Each year we come to this service and I am puzzled. I know Easter is coming, but reading the entire Passion seems premature, as if we have skipped five days and have entered Good Friday without any notice. We wave our palms as we process but then we condemn Christ to the crucifixion. We come triumphantly into Jerusalem but then we end outside the gates, upon that horrid place of calvary. All of Lent we have been slowly progressing, taking each week at a time, and now so much dramatic action happens in one service that it seems overwhelming.
I must remind myself that the liturgy is not historical re-enactment. Our liturgy, of course, is based upon actions that happened in history, but we do not re-present those actions like a movie would or history textbook. Rather, the liturgy re-presents in order for us to participate mystically in the particular event that happened at a particular moment in history. Just as we participate in the one sacrifice of Christ every time we celebrate Holy Communion, we participate in the other events in Christ’s life through the Church’s liturgical calendar. We are not above history or beyond history: we are in history.

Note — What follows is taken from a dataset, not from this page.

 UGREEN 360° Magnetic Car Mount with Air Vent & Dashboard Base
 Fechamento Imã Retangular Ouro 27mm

Because our concern is not precise historical reenactment, certain events are brought together in order to heighten our understanding and participation. At every Mass we hear in the Canon how we combine the Last Supper and the Crucifixion. “ALL glory be to thee, Almighty God, our heavenly Father, for that thou, of thy tender mercy, didst give thine only Son Jesus Christ to suffer death upon the Cross for our redemption; who made there (by his one oblation of himself once offered) a full, perfect, and sufficient sacrifice, oblation, and satisfaction, for the sins of the whole world; and did institute, and in his holy Gospel command us to continue, a perpetual memory of that his precious death and sacrifice, until his coming again.” Likewise, today on Palm Sunday, our liturgy connects the Triumphant Entry immediately to the Crucifixion. This is not bad history, as if the Church forgot the historical timeline (these readings have been the same for over 1600 years). Rather, it signifies how the Cross stands at the center of all history, and this signification prepares us for Holy Week and Easter.

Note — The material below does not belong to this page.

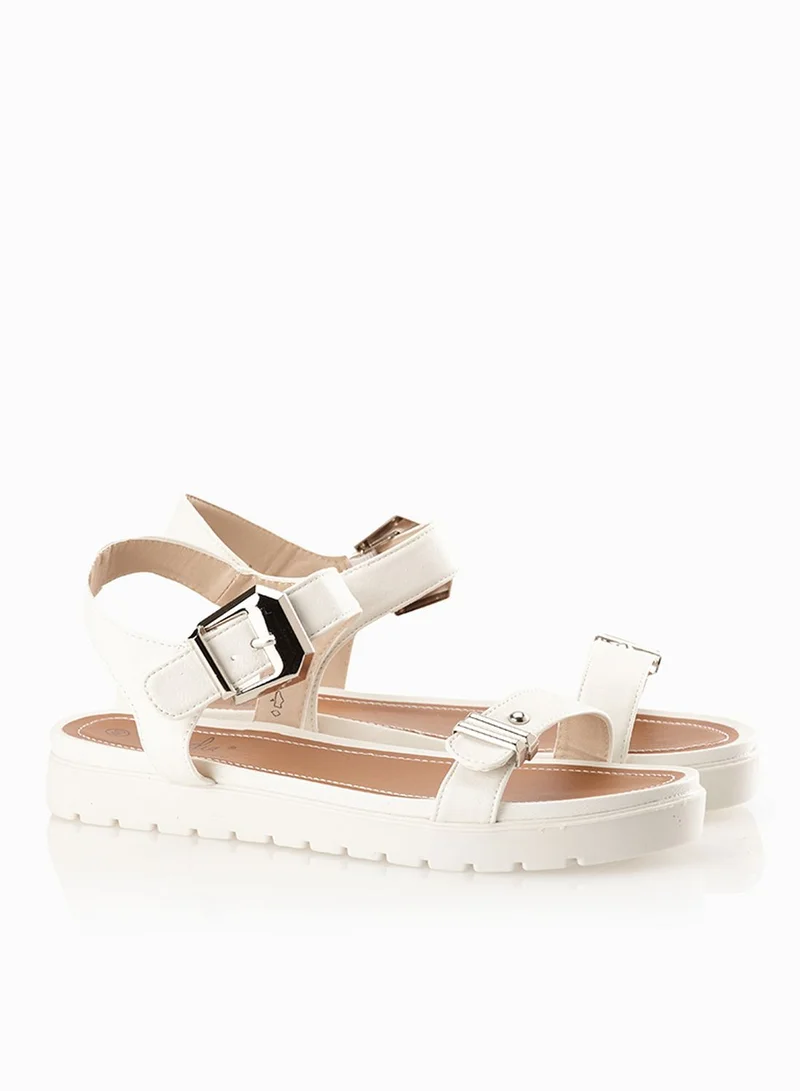 Claudia Ghizzani Affluent Buckles Sandals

Last week we saw how Psalm 43 was interpreted at several different levels — first as David’s own plea to God as he sought to return from exile back to Jerusalem. Second as our own plea towards God when beset with our own sins, wounds, and finite humanity. Third as Christ’s plea to the Father upon the Cross as his own people abandoned him and he sought to bring exiled humanity back to the heavenly Jerusalem. Today we will attempt a similar reading, but of the liturgy itself. So, while we will examine the historical event, let us open our eyes in a new way as we walk with Jesus in this most Holy Week.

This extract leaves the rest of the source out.